Der russische Angriff auf die gesamte Ukraine führte zunächst zum Zusammenrücken der ukrainischen Gesellschaft und Politik. Der Schulterschluss aller Kräfte im Kampf gegen den Angreifer bestimmte vor allem zu Kriegsbeginn das gesellschaftspolitische Leben des Landes und half den Ukrainern, das Jahr 2022 zu überstehen. Doch diese Erfolgsformel hatte auch eine Kehrseite.
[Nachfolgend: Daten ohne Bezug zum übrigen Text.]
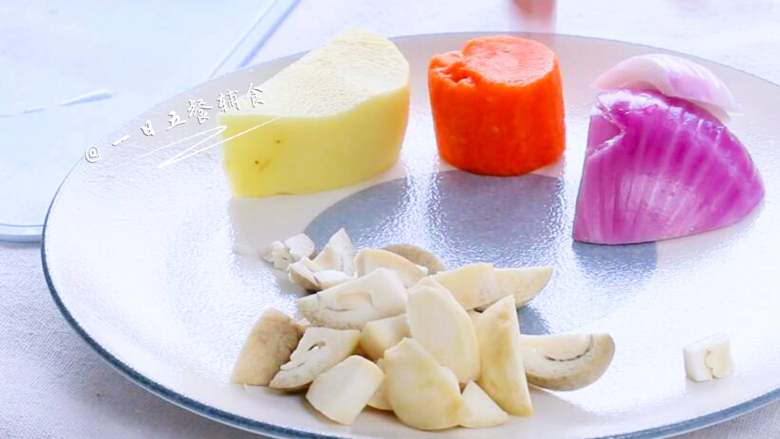 牛肉杂蔬焗饭,草菇切丁，洋葱、胡萝卜、土豆都切丁。
>>食材可以随意换，选耐烤点的食材。颜色不一样些，营养更均衡哦。
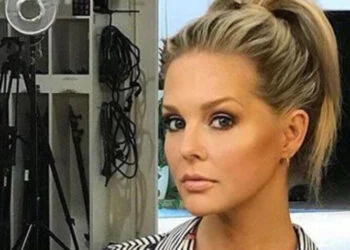 FOTO: Chantal Janzen knoopt blousje open in ‘arrogante’ foto in de spiegel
Im Dreieck Regierung-Opposition-Militär gab es kriegsbedingt keine Spielräume für eine grundlegende Kritik an den Plänen des Präsidenten Wolodymyr Selenskyj. Nur vereinzelt waren Gegenstimmen zu hören, die diese oder jene Maßnahme kritisch hinterfragten, nicht aber die Strategie im Ganzen.

Nun scheint dieses informelle Tabu gebrochen zu sein. Beflügelt von den sinkenden Umfragewerten Selenskyjs und der Tatsache, dass sich der Krieg vermutlich in die Länge ziehen wird, kehrt die Innenpolitik aktiv zurück in den ukrainischen Alltag. Insbesondere zwei Personen stehen hier im Mittelpunkt: der Befehlshaber der Armee Walerij Saluschnyj sowie Oppositionsführer und Ex-Präsident Petro Poroschenko. Beide vertreten öffentlich andere Meinungen als der Präsident, doch ihre jeweiligen Streitigkeiten mit Selenskyj sind unterschiedlicher Natur.
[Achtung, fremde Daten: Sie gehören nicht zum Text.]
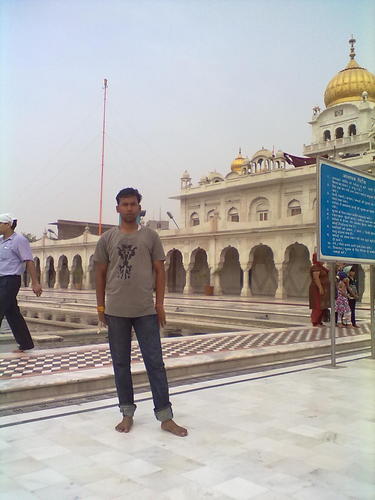 Har insian me koi na-koi mast-majedar bat hoti hai so live life with fullest of joy agar life me koi Dukh ho na toh itna khush raho ki unhappines(Dukh) har jaye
Kurz vor dem russischen Großeinmarsch in die Ukraine saß der ukrainische Präsident nicht mehr besonders fest im Sattel. Während Selenskyj in der Stichwahl 2019 noch über 73 Prozent der Stimmen auf sich vereinigen konnte, lag er zweieinhalb Jahre später in Umfragen nur noch bei 24 Prozent. Nur 17 Prozent der Befragten waren bereit, für seine Partei „Diener des Volkes“ zu stimmen (Wahlergebnis 2019: 43 Prozent). Selenskyjs Machtbasis war am Bröckeln. Ihm wurden das schleppende Reformtempo sowie Klientelpolitik vorgeworfen. Im Februar 2022 wurden die Karten jedoch neu gemischt. Selenskyj wurde zu Recht zum Nationalhelden und seine Zustimmungswerte lagen teilweise bei über 90 Prozent.

Im 22. Kriegsmonat ist seine Popularität jedoch wieder im Sinkflug und hat sich halbiert. Selenskyjs emotionale Art, Außenpolitik zu gestalten und seine Landsleute zu motivieren, finden viele mittlerweile nicht mehr zielführend und zeitgemäß. Überwiegende Teile der Gesellschaft sind wider Erwarten nicht kriegsmüde und zeigen sich nicht bereit, hinsichtlich der Wiederherstellung der territorialen Integrität ihres Landes Kompromisse einzugehen. Die Menschen nehmen jedoch ebenso wahr, dass eine schnelle Befreiung der besetzten Regionen unmöglich ist, die nötige Hilfe aus dem Westen auf sich warten lässt und infolgedessen der Krieg noch lange dauern wird. Im Hinblick auf die aktuellen Entwicklungen an der Front und die drastische Kürzung der ausländischen Unterstützung vermissen sie jedoch neue Konzepte, Ansprachen und Botschaften. Und auch neue Gesichter.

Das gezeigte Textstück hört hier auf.